8. Which of your own books/articles should we read?
Books
- Hamington, Maurice and Maureen Sander-Staudt, Eds., Applying Care Ethics to Business, Issues in Business Ethics Series, Springer, September 2011.
- Hamington, Maurice, Ed., Feminism and Hospitality: Gender in the Host/Guest Relationship, Lexington Books (a Division of Rowman & Littlefield), August 2010.
- Hamington, Maurice, and Dorothy C. Miller, Eds., Socializing Care: Feminist Ethics and Public Issues, Rowman and Littlefield, January 2006.
- Hamington, Maurice, Embodied Care: Jane Addams, Maurice Merleau-Ponty and Feminist Ethics, University of Illinois Press, September 2004.
Articles
- Hamington, Maurice, “Caring, Journalism, and the Power of Particularism,” Expositions: Interdisciplinary Studies in the Humanities, Fall 2011.

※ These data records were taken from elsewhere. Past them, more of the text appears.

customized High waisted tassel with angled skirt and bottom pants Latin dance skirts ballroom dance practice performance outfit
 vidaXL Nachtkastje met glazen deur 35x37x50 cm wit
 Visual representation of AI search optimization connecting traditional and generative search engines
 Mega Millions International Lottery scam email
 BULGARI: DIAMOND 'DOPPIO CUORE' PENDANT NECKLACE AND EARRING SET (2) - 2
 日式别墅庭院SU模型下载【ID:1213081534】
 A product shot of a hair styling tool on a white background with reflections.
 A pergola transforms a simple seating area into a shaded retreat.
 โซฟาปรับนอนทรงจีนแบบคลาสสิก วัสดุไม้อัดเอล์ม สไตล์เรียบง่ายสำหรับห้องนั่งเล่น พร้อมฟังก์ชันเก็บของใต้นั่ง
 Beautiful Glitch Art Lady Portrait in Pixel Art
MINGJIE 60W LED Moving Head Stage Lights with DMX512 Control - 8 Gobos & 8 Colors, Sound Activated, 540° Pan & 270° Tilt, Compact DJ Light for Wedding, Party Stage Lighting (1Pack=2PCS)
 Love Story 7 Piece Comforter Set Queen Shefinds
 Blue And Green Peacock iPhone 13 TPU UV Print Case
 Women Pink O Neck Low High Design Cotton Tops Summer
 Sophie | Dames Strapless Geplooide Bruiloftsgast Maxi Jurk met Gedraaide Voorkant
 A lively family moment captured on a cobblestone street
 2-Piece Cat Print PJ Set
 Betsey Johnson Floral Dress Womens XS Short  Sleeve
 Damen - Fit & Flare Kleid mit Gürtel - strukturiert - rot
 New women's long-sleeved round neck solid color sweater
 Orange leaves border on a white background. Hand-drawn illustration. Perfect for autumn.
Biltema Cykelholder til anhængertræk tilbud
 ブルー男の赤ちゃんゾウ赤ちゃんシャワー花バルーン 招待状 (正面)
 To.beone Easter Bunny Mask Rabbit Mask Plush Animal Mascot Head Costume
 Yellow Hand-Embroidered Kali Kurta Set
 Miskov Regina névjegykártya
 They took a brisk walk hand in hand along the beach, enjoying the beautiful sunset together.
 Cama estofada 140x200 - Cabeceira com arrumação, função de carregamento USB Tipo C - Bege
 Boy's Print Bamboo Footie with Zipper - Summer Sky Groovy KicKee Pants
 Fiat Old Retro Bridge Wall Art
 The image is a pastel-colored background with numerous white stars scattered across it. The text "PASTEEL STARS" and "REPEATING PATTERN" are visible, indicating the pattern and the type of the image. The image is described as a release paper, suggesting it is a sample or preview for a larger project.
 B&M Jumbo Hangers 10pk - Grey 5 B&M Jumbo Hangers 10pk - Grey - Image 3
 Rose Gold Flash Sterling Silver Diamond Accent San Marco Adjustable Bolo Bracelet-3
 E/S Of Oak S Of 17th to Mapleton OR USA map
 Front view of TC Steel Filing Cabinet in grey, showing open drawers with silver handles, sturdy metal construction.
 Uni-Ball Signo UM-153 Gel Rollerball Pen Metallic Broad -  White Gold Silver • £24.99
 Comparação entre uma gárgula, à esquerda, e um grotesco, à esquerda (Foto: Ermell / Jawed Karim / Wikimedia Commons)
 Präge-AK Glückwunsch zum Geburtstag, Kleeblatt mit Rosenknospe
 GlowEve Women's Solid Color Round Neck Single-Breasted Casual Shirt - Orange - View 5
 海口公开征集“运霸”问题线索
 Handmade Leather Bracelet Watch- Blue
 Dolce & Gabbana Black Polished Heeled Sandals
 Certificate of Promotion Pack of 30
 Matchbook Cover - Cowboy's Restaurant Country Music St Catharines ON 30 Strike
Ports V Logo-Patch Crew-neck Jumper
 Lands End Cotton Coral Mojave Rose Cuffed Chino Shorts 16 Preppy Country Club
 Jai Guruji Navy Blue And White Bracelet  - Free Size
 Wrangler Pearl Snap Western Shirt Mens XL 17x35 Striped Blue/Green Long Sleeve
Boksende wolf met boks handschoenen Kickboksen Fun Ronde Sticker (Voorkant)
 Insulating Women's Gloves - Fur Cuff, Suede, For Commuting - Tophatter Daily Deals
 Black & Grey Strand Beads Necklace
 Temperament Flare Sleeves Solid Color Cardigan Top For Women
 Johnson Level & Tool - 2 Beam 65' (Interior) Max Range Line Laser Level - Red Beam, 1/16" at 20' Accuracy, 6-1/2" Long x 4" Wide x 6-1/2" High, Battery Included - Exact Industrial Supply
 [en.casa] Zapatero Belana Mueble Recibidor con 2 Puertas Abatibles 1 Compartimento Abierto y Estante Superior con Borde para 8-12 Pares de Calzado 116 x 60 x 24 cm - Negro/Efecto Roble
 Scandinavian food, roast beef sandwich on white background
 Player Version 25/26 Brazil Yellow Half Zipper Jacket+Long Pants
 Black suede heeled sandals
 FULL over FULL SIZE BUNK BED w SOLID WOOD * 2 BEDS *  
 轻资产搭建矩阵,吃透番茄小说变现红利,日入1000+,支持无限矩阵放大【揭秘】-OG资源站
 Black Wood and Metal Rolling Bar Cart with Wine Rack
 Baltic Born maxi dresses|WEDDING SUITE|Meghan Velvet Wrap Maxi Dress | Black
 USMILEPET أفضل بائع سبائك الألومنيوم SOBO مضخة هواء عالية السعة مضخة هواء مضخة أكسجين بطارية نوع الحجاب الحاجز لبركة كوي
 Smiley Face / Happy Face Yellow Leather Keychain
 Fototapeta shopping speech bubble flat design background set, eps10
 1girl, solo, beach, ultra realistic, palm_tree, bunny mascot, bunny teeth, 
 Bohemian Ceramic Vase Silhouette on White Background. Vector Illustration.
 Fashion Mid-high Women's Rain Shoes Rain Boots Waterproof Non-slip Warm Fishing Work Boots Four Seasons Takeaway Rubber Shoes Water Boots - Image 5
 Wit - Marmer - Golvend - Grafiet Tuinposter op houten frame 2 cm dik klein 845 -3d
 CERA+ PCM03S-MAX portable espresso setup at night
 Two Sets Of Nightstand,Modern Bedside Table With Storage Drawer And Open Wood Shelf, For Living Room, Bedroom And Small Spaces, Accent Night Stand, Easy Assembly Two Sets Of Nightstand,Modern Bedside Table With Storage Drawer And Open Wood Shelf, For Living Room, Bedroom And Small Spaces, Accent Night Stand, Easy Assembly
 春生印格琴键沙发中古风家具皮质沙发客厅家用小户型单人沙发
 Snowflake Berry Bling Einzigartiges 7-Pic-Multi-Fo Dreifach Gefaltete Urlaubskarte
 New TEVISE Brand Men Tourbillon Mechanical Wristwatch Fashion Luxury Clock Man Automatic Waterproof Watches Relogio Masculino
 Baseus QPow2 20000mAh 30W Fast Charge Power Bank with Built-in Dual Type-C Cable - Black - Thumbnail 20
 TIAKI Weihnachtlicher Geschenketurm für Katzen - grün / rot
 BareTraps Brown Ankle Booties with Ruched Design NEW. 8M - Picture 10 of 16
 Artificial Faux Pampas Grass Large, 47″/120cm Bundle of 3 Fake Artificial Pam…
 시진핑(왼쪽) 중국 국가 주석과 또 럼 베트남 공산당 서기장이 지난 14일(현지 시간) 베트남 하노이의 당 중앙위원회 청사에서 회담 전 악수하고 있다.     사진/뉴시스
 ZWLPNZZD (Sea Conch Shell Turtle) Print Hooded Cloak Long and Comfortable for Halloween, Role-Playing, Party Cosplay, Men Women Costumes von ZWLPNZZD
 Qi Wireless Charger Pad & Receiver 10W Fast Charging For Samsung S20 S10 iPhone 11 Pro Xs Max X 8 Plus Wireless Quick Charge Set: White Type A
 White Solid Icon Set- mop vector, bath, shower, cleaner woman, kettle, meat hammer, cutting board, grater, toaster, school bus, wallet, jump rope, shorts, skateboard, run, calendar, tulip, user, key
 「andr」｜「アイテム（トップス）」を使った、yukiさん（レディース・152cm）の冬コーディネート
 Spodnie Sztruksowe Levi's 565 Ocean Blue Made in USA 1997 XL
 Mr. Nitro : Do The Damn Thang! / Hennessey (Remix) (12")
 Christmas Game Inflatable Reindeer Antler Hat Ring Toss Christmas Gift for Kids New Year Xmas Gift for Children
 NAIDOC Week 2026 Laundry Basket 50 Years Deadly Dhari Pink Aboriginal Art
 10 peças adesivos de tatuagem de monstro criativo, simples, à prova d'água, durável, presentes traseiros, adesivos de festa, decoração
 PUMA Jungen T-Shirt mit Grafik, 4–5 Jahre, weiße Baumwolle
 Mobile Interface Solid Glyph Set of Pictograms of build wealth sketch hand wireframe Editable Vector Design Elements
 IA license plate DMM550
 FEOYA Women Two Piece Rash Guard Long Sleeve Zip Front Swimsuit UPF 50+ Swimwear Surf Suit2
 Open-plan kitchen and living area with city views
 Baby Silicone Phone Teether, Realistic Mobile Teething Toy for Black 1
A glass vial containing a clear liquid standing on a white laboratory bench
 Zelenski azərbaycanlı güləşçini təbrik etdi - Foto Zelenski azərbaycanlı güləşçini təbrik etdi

- Hamington, Maurice, “Care Ethics and Corporeal Inquiry in Patient Relations,” International Journal of Feminist Approaches to Bioethics 5:1 (Spring 2012): 52-69.
- Hamington, Maurice, “Liberté, Égalité, Sororité: How Care Ethics Informs Social Justice,” Social Philosophy Today, 26:1, 2011.
- Hamington, Maurice, “Care Ethics, John Dewey’s ‘Dramatic Rehearsal’ and Moral Education,” Philosophy of Education Yearbook 2010. Spring 2011.
- Hamington, Maurice, “The Will to Care: Performance, Expectation, and Imagination,” Hypatia, 25:3, Summer 2010.
- Hamington, Maurice, “Toward a Theory of Feminist Hospitality,” Feminist Formations (formerly National Women’s Studies Association Journal), 22:1, April 2010.
- Hamington, Maurice, “Business is Not a Game: The Metaphoric Fallacy,” Journal of Business Ethics, 86:4, 2009.
- Hamington, Maurice, “Learning Ethics from Our Relationships with Animals: Moral Imagination,” International Journal of Applied Ethics, 22:2, Fall 2008.
- Hamington, Maurice, “Care Ethics and International Justice: The Cosmopolitanism of Jane Addams and Kwame Anthony Appiah,” Social Philosophy Today, 23, 2008.
- Hamington, Maurice, “Touching the Other in Myself: Merleau-Ponty, Tactility, and Care Ethics,” Review Journal of Political Philosophy, 4:1, 2006.
- Hamington, Maurice, “Jane Addams and the Politics of Embodied Care,” Journal of Speculative Philosophy, 15:2, Fall 2001.
9. What are important issues for the ethics of care in the future?
Care theory needs to be more than an academic pursuit. It is gaining popularity but only among some academics. Care needs to be a social and political value that helps repair our world. Traditional Western approaches to ethics are inadequate to address the challenges of our diverse social existence.
10. In Tilburg our ambition is to promote ethics of care nationally and internationally. Do you have any recommendations or wishes?
I wish to be supportive. Tilburg’s mission is much needed and I would like to see it be successful.